Look for the line containing "Angel Statue - Blessing on your Baptism" in the listing below. Retype that line and every subsequent line through the last one, and only those.

[Given data Boundary: Start]

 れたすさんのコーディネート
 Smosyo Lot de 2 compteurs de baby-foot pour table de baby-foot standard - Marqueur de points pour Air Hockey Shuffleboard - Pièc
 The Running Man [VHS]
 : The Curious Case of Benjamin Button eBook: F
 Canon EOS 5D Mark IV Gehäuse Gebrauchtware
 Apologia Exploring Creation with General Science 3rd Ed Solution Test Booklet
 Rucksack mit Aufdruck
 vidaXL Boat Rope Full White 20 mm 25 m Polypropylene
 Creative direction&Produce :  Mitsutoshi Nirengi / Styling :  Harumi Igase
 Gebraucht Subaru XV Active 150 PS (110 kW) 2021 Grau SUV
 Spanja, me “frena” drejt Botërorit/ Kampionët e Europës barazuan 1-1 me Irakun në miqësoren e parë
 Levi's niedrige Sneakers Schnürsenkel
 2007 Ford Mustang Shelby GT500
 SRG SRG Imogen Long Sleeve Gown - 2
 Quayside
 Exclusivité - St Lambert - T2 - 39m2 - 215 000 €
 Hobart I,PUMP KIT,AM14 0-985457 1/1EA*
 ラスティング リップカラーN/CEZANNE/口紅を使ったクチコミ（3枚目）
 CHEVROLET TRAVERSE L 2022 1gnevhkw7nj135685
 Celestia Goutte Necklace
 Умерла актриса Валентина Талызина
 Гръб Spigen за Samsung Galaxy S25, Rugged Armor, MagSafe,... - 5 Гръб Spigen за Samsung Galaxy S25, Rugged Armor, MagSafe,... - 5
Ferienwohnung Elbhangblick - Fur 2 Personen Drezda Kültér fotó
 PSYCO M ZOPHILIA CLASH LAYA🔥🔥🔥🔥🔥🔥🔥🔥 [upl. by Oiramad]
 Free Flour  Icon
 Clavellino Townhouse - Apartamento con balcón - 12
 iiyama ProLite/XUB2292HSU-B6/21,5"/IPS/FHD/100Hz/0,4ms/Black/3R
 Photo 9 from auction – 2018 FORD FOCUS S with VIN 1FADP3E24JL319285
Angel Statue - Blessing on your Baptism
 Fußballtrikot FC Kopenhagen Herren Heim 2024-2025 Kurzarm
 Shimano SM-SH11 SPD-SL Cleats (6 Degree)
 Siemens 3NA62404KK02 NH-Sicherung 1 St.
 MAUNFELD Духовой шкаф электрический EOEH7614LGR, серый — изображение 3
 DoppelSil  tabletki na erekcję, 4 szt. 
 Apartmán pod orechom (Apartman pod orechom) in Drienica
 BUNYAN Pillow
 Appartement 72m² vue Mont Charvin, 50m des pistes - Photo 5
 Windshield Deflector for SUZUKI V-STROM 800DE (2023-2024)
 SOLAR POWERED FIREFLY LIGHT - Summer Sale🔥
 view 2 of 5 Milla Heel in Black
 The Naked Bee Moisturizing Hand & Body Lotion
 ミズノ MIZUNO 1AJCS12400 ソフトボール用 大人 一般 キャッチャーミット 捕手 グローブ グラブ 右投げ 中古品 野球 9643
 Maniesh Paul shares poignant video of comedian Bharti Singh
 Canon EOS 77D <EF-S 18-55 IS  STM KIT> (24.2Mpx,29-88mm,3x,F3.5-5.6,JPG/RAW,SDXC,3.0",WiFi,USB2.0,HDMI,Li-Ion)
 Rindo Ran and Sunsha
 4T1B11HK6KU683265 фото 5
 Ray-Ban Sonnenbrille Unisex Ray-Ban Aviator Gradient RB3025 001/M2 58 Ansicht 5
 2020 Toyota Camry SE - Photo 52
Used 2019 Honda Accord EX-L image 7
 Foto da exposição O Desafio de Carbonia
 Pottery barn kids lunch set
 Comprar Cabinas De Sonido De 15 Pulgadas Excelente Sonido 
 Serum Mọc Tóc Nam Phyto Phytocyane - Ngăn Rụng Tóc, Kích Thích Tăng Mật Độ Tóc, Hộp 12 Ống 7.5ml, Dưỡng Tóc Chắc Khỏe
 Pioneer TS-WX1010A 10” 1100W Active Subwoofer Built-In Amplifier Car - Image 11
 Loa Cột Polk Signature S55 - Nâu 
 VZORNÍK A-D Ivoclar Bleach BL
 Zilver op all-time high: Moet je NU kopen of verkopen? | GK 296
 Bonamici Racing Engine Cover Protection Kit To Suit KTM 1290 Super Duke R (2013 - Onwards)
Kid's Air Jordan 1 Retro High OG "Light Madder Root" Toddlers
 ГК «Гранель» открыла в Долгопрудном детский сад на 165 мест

[Given data Boundary: End]

• Reply to the exercise:
Angel Statue - Blessing on your Baptism
 Fußballtrikot FC Kopenhagen Herren Heim 2024-2025 Kurzarm
 Shimano SM-SH11 SPD-SL Cleats (6 Degree)
 Siemens 3NA62404KK02 NH-Sicherung 1 St.
 MAUNFELD Духовой шкаф электрический EOEH7614LGR, серый — изображение 3
 DoppelSil  tabletki na erekcję, 4 szt. 
 Apartmán pod orechom (Apartman pod orechom) in Drienica
 BUNYAN Pillow
 Appartement 72m² vue Mont Charvin, 50m des pistes - Photo 5
 Windshield Deflector for SUZUKI V-STROM 800DE (2023-2024)
 SOLAR POWERED FIREFLY LIGHT - Summer Sale🔥
 view 2 of 5 Milla Heel in Black
 The Naked Bee Moisturizing Hand & Body Lotion
 ミズノ MIZUNO 1AJCS12400 ソフトボール用 大人 一般 キャッチャーミット 捕手 グローブ グラブ 右投げ 中古品 野球 9643
 Maniesh Paul shares poignant video of comedian Bharti Singh
 Canon EOS 77D <EF-S 18-55 IS  STM KIT> (24.2Mpx,29-88mm,3x,F3.5-5.6,JPG/RAW,SDXC,3.0",WiFi,USB2.0,HDMI,Li-Ion)
 Rindo Ran and Sunsha
 4T1B11HK6KU683265 фото 5
 Ray-Ban Sonnenbrille Unisex Ray-Ban Aviator Gradient RB3025 001/M2 58 Ansicht 5
 2020 Toyota Camry SE - Photo 52
Used 2019 Honda Accord EX-L image 7
 Foto da exposição O Desafio de Carbonia
 Pottery barn kids lunch set
 Comprar Cabinas De Sonido De 15 Pulgadas Excelente Sonido 
 Serum Mọc Tóc Nam Phyto Phytocyane - Ngăn Rụng Tóc, Kích Thích Tăng Mật Độ Tóc, Hộp 12 Ống 7.5ml, Dưỡng Tóc Chắc Khỏe
 Pioneer TS-WX1010A 10” 1100W Active Subwoofer Built-In Amplifier Car - Image 11
 Loa Cột Polk Signature S55 - Nâu 
 VZORNÍK A-D Ivoclar Bleach BL
 Zilver op all-time high: Moet je NU kopen of verkopen? | GK 296
 Bonamici Racing Engine Cover Protection Kit To Suit KTM 1290 Super Duke R (2013 - Onwards)
Kid's Air Jordan 1 Retro High OG "Light Madder Root" Toddlers
 ГК «Гранель» открыла в Долгопрудном детский сад на 165 мест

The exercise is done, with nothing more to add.